_About this exercise_:
In the data below, the copy begins at the line containing "So today I'm going to show" and runs through the last line; repeat those lines exactly, minus the pictures.

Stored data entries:
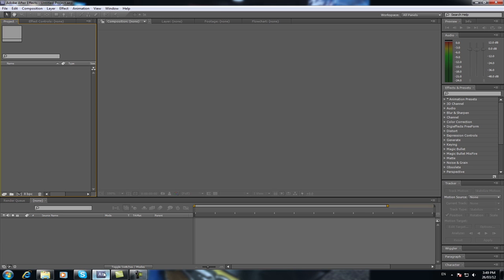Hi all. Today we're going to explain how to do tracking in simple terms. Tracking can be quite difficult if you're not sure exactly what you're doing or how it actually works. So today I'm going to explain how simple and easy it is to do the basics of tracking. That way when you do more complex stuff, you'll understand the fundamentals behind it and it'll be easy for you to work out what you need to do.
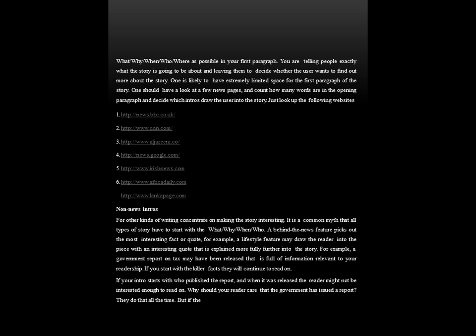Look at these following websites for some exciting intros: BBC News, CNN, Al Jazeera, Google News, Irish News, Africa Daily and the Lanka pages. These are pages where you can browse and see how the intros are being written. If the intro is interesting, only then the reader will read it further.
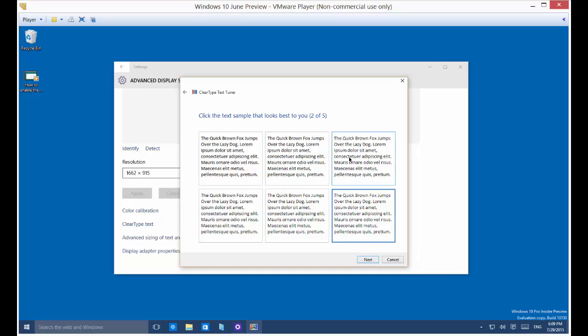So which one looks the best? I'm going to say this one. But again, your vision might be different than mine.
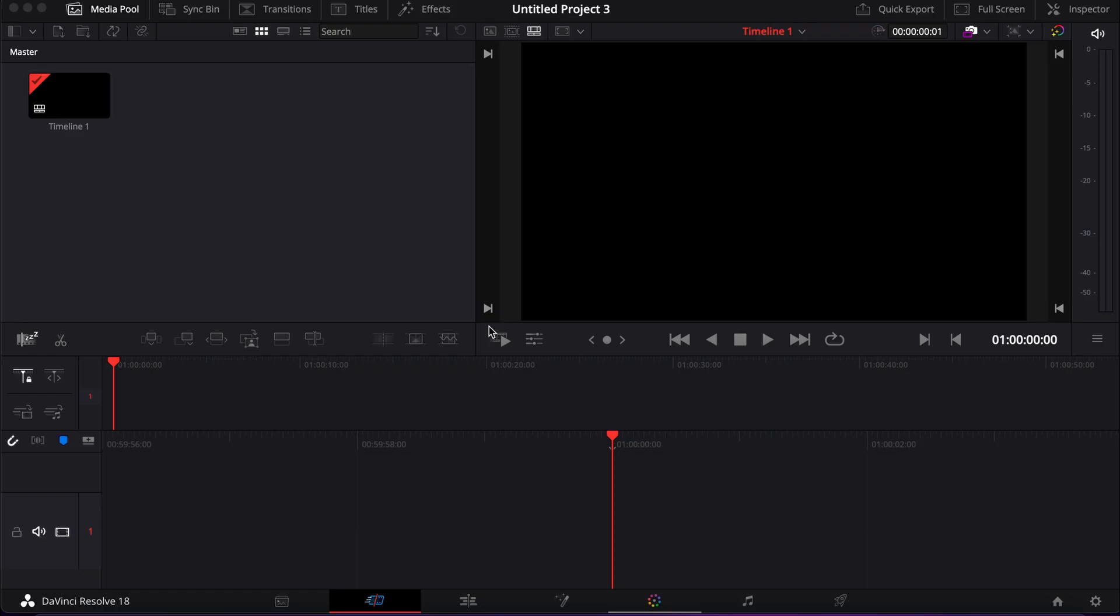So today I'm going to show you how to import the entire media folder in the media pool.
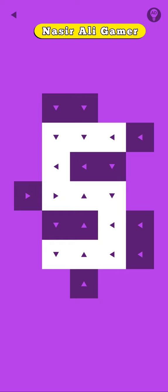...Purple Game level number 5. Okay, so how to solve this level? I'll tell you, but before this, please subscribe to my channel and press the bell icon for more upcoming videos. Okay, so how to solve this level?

_Task solution_:
So today I'm going to show you how to import the entire media folder in the media pool.
...Purple Game level number 5. Okay, so how to solve this level? I'll tell you, but before this, please subscribe to my channel and press the bell icon for more upcoming videos. Okay, so how to solve this level?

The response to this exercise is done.